Please write out the listing beneath this sentence exactly, from its first line to the line with "Personalized Gift For", and stop there.

(Working data)

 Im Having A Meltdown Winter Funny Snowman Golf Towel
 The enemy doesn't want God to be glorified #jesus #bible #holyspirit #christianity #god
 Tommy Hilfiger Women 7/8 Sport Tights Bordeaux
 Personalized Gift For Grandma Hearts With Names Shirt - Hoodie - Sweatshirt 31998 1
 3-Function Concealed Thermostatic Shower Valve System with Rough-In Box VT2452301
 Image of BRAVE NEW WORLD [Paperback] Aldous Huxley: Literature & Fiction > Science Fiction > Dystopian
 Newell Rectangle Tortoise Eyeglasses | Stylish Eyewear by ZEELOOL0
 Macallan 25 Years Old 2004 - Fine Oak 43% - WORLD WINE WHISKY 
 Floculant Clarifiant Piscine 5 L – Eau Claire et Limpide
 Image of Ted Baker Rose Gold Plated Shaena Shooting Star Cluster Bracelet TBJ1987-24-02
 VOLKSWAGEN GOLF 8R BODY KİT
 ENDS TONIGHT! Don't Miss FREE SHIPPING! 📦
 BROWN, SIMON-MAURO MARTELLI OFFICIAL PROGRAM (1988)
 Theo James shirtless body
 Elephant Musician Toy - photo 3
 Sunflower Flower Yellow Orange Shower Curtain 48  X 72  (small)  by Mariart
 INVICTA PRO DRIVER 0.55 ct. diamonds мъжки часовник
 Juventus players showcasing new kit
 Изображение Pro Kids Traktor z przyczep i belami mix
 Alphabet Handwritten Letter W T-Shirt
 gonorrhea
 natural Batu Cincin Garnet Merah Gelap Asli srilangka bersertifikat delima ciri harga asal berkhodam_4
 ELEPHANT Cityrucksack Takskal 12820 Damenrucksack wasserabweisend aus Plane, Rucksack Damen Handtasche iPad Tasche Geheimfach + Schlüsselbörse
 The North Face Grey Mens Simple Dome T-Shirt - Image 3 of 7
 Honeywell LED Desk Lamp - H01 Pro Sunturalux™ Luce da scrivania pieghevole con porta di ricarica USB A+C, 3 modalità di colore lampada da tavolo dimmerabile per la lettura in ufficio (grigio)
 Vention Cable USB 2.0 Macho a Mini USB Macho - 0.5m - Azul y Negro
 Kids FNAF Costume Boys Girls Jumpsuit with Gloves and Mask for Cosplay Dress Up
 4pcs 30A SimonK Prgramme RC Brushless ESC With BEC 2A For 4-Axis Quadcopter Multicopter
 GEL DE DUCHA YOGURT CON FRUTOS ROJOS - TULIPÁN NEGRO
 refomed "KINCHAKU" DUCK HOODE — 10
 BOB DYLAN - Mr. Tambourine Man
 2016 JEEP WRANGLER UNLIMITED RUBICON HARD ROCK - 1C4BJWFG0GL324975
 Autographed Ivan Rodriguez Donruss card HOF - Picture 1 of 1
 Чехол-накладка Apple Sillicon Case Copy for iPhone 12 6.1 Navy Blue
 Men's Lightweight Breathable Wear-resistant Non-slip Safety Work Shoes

(End Working data)

= Task solution =
 Im Having A Meltdown Winter Funny Snowman Golf Towel
 The enemy doesn't want God to be glorified #jesus #bible #holyspirit #christianity #god
 Tommy Hilfiger Women 7/8 Sport Tights Bordeaux
 Personalized Gift For Grandma Hearts With Names Shirt - Hoodie - Sweatshirt 31998 1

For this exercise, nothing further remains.